EXERCISE GOAL:
For the material below, reproduce exactly each line from the one that has "Sparco Products VHS" through the one that has "Westland Landscape Bark", and no others; pictures stay out.

INFORMATION SUPPLIED:
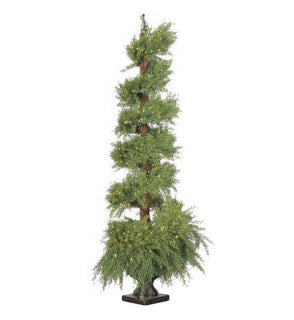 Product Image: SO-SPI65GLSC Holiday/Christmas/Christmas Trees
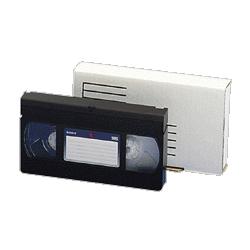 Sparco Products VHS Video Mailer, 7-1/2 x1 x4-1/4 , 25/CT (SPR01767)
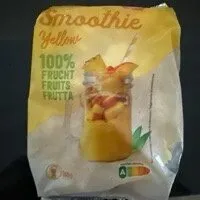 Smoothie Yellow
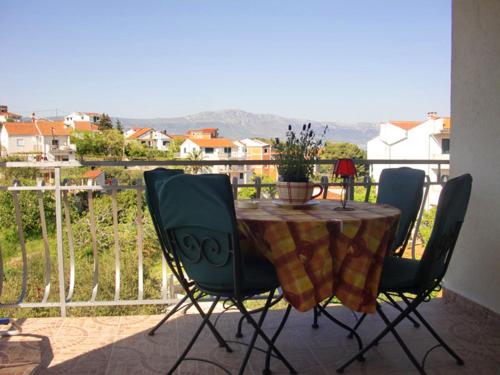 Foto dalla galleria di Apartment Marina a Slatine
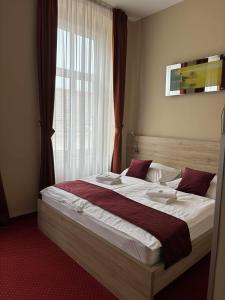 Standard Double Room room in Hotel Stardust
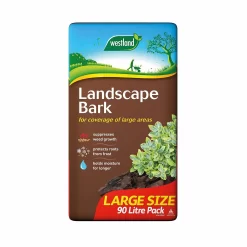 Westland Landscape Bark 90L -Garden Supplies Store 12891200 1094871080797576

--

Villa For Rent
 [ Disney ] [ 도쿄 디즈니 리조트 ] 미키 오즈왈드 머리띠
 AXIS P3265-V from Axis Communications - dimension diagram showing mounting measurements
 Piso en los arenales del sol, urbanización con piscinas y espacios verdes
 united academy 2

SOLUTION TO THE PROBLEM:
 Sparco Products VHS Video Mailer, 7-1/2 x1 x4-1/4 , 25/CT (SPR01767)
 Smoothie Yellow
 Foto dalla galleria di Apartment Marina a Slatine
 Standard Double Room room in Hotel Stardust
 Westland Landscape Bark 90L -Garden Supplies Store 12891200 1094871080797576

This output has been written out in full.